Qué duda cabe, algo sucede en algunos de nosotros cuando las circunstancias nos son lo suficientemente adversas. No en todos, por supuesto, pero en ciertos individuos la búsqueda de lo que consideran la felicidad y su propio bienestar, se convierte, paradójicamente, en un camino hacia la autodestrucción que acaba con su propia desaparición y con la muerte en vida de todos los que les rodean. Y es que nuestra mente no parece estar preparada para entender que alguien querido y apreciado quiera quitarse la vida, por muy duras y complicadas que sean sus circunstancias.

El aprecio por la vida ajena es en nosotros, por desgracia, un valor en ocasiones ausente o, al menos, no lo suficientemente presente.

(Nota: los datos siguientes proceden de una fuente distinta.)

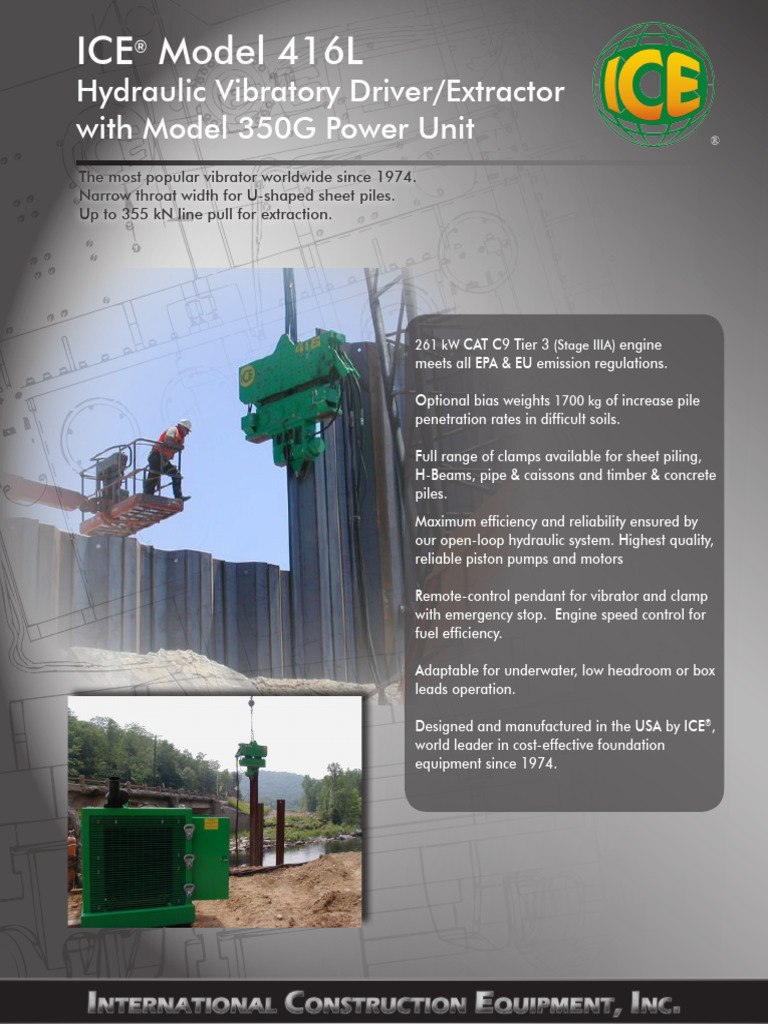 ICE Model 416L Hydraulic Driver Specs | PDF | Mechanical Engineering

De forma práctica tendemos, una y otra vez, a anteponer nuestros propios intereses, nuestra integridad o nuestro bienestar al de los demás. Pero, ¿qué ocurre cuando lo que pierde valor es el sentido de la propia vida? ¿No va esto en contra de todos nuestros principios básicos de funcionamiento? El doctor Rojas Marcos citaba en su libro “Las semillas de la violencia” una frase de Schopenhauer sobre el suicidio que reflejaba (a mi entender, de manera magistral) la lógica terrible que se esconde detrás de ese impulso por arrancarse la vida: el suicidio, decía, tiene lugar “cuando los horrores de la vida son mayores que los horrores de la muerte”. Y esto es tremendo porque, probablemente, no hay nada que más atemorice al hombre que su propia muerte.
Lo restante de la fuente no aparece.